Mystics or Rationalists? @ Ingleby Gallery

Article by Jac Mantle | 02 Aug 2011

“Conceptual artists are mystics rather than rationalists. They leap to conclusions that logic cannot reach.” Number one in Sol LeWitt’s famous Sentences on Conceptual Art (1971) provides the title for the group show of conceptual heavyweights at Ingleby Gallery for the Edinburgh Art Festival.

LeWitt’s Sentences are forty years old now but they could easily be referring to the art of today – with similar criticisms levelled at it, and similar conflicting ideas of what an artist is.

For Jeremy Millar, the artist is akin to a shaman, taking objects from the world and divining their significance. Sitting on a bed of purifying rock salt, his mirrored cubes hark back to the classic conceptualist Robert Morris who famously exhibited mirrored cubes way back in 1965.

The impressive line-up also includes Cornelia Parker, the artist who persuaded the British Army to blow up a garden shed for her, suspending the remaining pieces in an atmospheric installation. Here she presents a page of silver, fashioned from the residue left over from the photographic developing process. The mirror-like surface hints at the ghosts of old images.

Susan Collis also makes work in which all is not what it seems.

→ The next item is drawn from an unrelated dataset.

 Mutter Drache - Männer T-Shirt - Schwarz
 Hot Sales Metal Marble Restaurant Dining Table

What appears to be a line of white spattered paint on the gallery floor is in fact Collis’ Down to the Mother (2008): a line of finely inlaid discs of mother of pearl.

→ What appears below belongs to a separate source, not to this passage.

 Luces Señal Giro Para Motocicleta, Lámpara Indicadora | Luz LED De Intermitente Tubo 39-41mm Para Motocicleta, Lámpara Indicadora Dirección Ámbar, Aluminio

Others in the show share this inclination to elevate the banal. Ceal Floyer’s previous works include Nail Biting Performance (2001), in which she stood on the stage of Birmingham Symphony Hall and bit her nails into a microphone.

Also boasting Cerith Wyn Evans, Katie Paterson and Susan Hiller, the show promises to be visually succinct but intellectually complex – better go with your head screwed on. As LeWitt noted, “The idea is the machine that makes the art.” [Jac Mantle]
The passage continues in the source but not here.